Transaction vs. Transformation

Transaction

The formal definition of a transaction is the action of someone buying or selling something. In your sales process, your transaction is the offer, service, or product you’re extending to your client. For example, the transaction a banker is selling may be a mutual fund; the transaction a business coach is selling may be a business strategy.  

Transformation

A transformation is an instance of someone or something changing or taking on a new form. The transformation in your sales process is the impact your transaction (offer) has on your customers. What does your offer help them do and become? So, the transformation of a banker’s customer may be financial stability, and the transformation of a business coach’s customer may be revenue growth.  

What You're Actually Selling: The Transformation

Traditional, dated sales tactics focus on the bells and whistles of your offer: prices, features, benefits, etc. Meanwhile, modern, transformational sales tactics focus on the transformational journey your client will go through after partnering with you. Transformational sales tactics reap many benefits for your business (more on that to come). But let’s give you a tangible example of what it looks like to go beyond the transaction of your offer to find the true value.  

Drills and Holes

I came across a quote from Theodore Levitt, a marketing professor at Harvard, and he said, “People don’t want to buy a quarter-inch drill bit. They want a quarter-inch hole.” 

When a customer goes to a hardware store to buy a drill, what they’re really buying is their need for a hole in the wall. Beyond that, the holes in the wall will be a basis for shelf placement, adding a décor feature to their home. To go a step further, those shelves will hold family photographs, books, keepsakes, etc.  

The drill is just a feature. That’s not what the customer actually bought. The customer bought what the drill gives them: holes in walls to put shelves on to celebrate and validate their life. 

Now think about your own offer in this way and determine what your customers are actually buying.  

Benefits of Transformational Selling™

There are three key benefits to using your customer’s transformation as the value of your offer, or what I like to call transformational selling™.  

Empathetic Client Experiences

Like the story of the drill and holes, write out a small story of what your customer actually gets from your offer. By writing it out, or even discussing it with your colleagues, not only will you uncover the true value of your offer, but you’ll also discover your customer’s deepest pains and desires. You can then speak to these pains and desires in your client conversations and marketing and sales materials. By knowing the minute problems and aspirations your client faces, you can create more empathetic conversations, as you thoroughly understand where they’re coming from. 

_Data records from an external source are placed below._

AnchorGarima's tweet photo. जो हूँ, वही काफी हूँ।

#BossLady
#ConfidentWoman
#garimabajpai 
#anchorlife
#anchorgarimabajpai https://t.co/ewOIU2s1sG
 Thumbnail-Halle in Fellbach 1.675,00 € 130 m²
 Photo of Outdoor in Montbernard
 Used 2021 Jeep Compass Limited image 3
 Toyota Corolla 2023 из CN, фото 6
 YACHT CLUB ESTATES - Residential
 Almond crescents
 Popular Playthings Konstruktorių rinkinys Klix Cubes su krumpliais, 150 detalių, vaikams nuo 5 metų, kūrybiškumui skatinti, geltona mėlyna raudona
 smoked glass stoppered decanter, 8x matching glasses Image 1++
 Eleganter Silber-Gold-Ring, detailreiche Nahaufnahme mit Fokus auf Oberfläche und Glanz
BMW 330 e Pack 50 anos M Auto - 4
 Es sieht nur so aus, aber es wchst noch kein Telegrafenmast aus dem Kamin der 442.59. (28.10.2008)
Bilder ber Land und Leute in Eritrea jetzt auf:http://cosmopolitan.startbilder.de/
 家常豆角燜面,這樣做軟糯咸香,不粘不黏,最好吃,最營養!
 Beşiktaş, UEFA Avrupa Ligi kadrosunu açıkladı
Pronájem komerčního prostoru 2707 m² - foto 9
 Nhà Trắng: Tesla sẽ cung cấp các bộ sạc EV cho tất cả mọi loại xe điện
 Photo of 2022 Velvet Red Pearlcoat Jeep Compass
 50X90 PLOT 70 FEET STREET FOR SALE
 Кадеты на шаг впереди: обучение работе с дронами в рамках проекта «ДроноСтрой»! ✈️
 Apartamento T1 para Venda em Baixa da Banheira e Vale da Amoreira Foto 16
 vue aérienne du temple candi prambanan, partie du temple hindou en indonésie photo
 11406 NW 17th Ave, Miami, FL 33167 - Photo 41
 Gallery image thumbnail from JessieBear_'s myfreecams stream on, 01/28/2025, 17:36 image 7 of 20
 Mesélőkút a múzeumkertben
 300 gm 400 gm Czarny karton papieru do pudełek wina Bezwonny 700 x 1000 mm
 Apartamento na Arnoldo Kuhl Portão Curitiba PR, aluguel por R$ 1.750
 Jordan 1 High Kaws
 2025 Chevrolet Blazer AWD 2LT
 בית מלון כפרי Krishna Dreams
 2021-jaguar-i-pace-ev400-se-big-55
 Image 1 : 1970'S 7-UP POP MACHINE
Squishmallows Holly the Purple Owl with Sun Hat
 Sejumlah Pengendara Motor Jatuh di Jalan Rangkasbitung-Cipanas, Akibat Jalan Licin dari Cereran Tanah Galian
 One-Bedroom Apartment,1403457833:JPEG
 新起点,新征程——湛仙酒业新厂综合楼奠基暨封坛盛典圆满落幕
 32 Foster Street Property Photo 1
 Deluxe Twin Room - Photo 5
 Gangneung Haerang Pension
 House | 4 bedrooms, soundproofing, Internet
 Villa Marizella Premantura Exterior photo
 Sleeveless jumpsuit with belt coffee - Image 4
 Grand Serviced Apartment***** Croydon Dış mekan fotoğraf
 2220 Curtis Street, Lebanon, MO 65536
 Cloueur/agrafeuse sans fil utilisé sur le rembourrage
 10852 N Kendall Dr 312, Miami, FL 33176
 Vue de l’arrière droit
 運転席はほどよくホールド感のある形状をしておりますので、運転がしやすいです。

Attract More Ideal Clients

And when you generate empathetic conversations and a client feels understood, they’re more likely to work with you. Injecting empathy into your sales process will help you create a consistent sales pipeline that will thrive for years to come. Once your customer is in your pipeline, don’t stop nurturing them with empathy. Keep it going.  

Create Confident Business Invitations

Another benefit to using transformational selling is becoming more confident with extending your business opportunity. Why? Because you now thoroughly understand your ideal customer profile (ICP). Your ICP is anyone who possesses the attributes of being a valuable customer for your business. Knowing your ICP can save you time from connecting with people who aren’t a good fit for your services so that you can spend more time with those who need your solution. When you know you’re communicating with people who need and would benefit from your solution, you can more confidently invite them to your business.  

Transform the Outlook of Your Sales Process

What transformation are you facilitating for your clients through your product, service, or expertise? This is the question to ask yourself as you uplevel your sales outlook. When you focus on the transformation of your client as the value of your offer instead of its benefits and prices, the transformation of your sales and revenue will follow. People don’t buy things. They buy what things do for them.